K-Nearest Neighbors

K-Nearest Neighbors classical method implementation.

This section contains the K-Nearest Neighbors (KNN) implementation for classification and regression tasks. KNN is a non-parametric method used for classification and regression that makes predictions based on the similarity of input to the training data.

class TALENT.model.classical_methods.knn.KnnMethod(args, is_regression)

Bases: classical_methods

construct_model(model_config=None)

fit(data, info, train=True, config=None)

predict(data, info, model_name)

class TALENT.model.classical_methods.knn.KnnMethod

K-Nearest Neighbors method for classification and regression tasks.

Key Features:

Uses sklearn’s KNeighborsClassifier for classification and KNeighborsRegressor for regression
Non-parametric method that makes predictions based on similarity
Supports both classification and regression tasks
Automatically handles data preprocessing including normalization and encoding
Saves trained model to pickle file for later use
Instance-based learning approach

Algorithm:

KNN is a non-parametric method used for classification and regression. The input consists of the k closest training examples in the feature space. The output depends on whether KNN is used for classification or regression.

__init__(args, is_regression)

Initialize the KNN method.

Parameters:

args (object) – Configuration arguments containing model settings
is_regression (bool) – Whether the task is regression (True) or classification (False)

construct_model(model_config=None)

Construct the KNN model instance.

Parameters:

model_config (dict, optional) – Model configuration parameters for KNN

Model Creation:

For classification: creates KNeighborsClassifier
For regression: creates KNeighborsRegressor
Configures parameters like number of neighbors, distance metric, etc.

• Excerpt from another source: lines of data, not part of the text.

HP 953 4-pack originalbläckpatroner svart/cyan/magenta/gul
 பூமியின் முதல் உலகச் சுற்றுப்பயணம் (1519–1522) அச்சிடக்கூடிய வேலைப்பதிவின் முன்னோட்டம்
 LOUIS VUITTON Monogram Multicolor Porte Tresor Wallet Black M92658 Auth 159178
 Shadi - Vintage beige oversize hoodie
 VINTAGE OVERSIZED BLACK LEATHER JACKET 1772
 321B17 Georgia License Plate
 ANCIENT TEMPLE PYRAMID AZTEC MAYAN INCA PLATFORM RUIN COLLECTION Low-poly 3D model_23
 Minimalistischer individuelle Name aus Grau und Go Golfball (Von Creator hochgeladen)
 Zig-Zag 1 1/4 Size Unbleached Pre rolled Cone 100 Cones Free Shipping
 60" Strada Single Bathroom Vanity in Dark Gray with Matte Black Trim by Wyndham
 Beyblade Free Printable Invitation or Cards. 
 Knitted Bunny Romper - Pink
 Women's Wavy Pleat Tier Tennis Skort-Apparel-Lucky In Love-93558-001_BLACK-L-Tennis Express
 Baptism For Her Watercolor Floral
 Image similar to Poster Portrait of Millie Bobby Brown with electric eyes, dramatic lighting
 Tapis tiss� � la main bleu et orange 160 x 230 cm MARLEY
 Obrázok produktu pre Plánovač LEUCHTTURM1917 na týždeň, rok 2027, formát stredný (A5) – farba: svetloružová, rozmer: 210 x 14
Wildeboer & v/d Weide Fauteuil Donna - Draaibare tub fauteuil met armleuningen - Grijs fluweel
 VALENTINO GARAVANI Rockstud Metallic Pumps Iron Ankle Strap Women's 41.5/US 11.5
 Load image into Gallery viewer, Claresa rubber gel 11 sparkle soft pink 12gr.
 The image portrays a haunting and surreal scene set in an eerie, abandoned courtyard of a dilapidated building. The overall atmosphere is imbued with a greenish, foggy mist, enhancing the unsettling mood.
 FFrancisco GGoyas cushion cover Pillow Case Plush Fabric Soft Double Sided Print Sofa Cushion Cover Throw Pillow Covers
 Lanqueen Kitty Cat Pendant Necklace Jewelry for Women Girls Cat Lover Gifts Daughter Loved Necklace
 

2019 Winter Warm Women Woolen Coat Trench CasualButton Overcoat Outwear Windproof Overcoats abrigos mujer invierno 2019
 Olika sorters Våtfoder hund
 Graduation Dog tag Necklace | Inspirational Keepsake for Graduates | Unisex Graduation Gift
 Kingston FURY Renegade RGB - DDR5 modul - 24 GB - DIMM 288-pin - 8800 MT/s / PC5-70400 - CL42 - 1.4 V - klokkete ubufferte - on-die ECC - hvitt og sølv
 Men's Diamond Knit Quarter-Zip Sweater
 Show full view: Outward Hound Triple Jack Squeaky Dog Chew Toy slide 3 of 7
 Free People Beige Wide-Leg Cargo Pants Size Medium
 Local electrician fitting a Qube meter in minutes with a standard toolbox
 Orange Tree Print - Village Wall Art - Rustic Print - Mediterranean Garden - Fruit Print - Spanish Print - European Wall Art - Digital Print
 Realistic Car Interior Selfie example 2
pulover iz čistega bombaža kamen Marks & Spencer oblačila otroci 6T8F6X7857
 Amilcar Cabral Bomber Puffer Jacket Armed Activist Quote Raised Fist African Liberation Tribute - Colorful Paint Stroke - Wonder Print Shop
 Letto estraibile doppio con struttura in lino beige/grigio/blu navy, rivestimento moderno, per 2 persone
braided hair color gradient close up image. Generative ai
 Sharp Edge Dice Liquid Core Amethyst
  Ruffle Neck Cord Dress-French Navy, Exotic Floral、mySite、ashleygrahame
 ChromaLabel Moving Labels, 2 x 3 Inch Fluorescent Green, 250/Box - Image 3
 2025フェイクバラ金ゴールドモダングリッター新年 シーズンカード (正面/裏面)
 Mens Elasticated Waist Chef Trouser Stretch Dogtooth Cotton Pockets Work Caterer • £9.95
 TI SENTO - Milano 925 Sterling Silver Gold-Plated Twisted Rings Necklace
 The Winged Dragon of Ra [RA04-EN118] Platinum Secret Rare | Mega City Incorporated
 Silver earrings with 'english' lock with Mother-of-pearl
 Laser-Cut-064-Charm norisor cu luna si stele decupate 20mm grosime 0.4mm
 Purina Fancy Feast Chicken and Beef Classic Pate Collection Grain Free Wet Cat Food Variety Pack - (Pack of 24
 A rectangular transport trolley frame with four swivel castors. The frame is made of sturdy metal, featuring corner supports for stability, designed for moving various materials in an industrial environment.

fit(data, info, train=True, config=None)

Train the KNN model on the provided data.

Parameters:

data (tuple) – Tuple containing (N, C, y) where N is numerical features, C is categorical features, y is labels
info (dict) – Dataset information
train (bool, default=True) – Whether to train the model or just load from checkpoint
config (dict, optional) – Additional configuration parameters

Returns:

time_cost (float) – Training time in seconds

Training Process:

Data Preprocessing: Handles missing values, categorical encoding, normalization
Model Training: Stores training data for nearest neighbor search
Model Saving: Saves the trained model to disk for later use

predict(data, info, model_name)

Make predictions using the trained KNN model.

Parameters:

data (tuple) – Tuple containing (N, C, y) where N is numerical features, C is categorical features, y is labels
info (dict) – Dataset information
model_name (str) – Name of the model for saving/loading

Returns:

test_logit (array-like) – Test predictions (probabilities for classification, values for regression)

Prediction Process:

Data Preprocessing: Applies same preprocessing as training data
Model Loading: Loads the trained KNN model
Prediction: Finds k nearest neighbors and makes prediction
Output: Returns probabilities for classification or values for regression

Evaluation Metrics:

For regression: returns MAE, R2, RMSE metrics
For classification: returns Accuracy, Avg_Precision, Avg_Recall, F1 metrics

References:

[1] Cover, T., & Hart, P. (1967). Nearest neighbor pattern classification. IEEE transactions on information theory, 13(1), 21-27.